Effect of hypoxia on steady state arachidonic acid metabolism in bovine aortic endothelial cells. Patton, George M., Hiroko Kadowaki, Hassan Albadawi, Hiram M. Soler, and Michael T. Watkins. Departments of Surgery and Pathology, Medicine, Boston University School of Medicine, Boston, Massachusetts 02118, and Boston Veterans Affairs Medical Center, Boston, Massachusetts 02130
APStracts 3:0483H, 1996.
At the onset of acute hypoxia, eicosanoid synthesis by bovine aortic endothelial cells markedly decreases reflecting a decreased release of arachidonic acid from endogenous stores. To determine the cause of decreased arachidonic acid release, bovine aortic endothelial cells were pulse-labeled with [14C]arachidonic acid for 5 min under normoxic conditions, and chased for one hour under normoxic or hypoxic conditions. The amount and 14C specific activity (dpm/nmol) of three major arachidonyl molecular species (16:0-20:4, 18:1-20:4, and 18:0-20:4) of each phospholipid class were determined from cells chased under the two conditions.
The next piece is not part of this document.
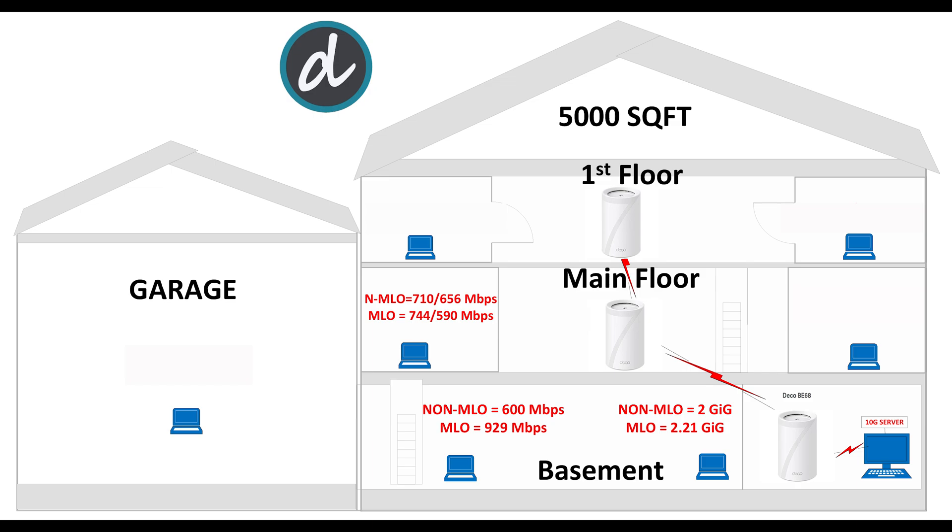On the main floor, to the left side of the house, we achieved 710 Mbps download and 656 Mbps upload without MLO enabled, and 744 Mbps download and 590 Mbps upload with MLO enabled. These are one of the best results we have achieved at this location compared to our previous Wi-Fi 7 or 6E routers and mesh units.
There were no relevant differences in the metabolism of any of the arachidonyl molecular species of diacyl lipids between the cells chased under two conditions. However, there was a marked decrease (40%) in the turnover of arachidonyl alkenylacyl phosphatidylethanolamine in the hypoxic cells. From these results, it appears that the source of arachidonic acid supporting constitutive eicosanoid synthesis in bovine aortic endothelial cells is alkenylacyl phosphatidylethanolamine and the limiting enzyme activity determining the rate of eicosanoid synthesis is a plasmalogen specific phospholipase A2.

Received 23 July 1996; accepted in final form 15 October 1996.
APS Manuscript Number H659-6.
Article publication pending Am. J. Physiol. (Heart Circ. Physiology).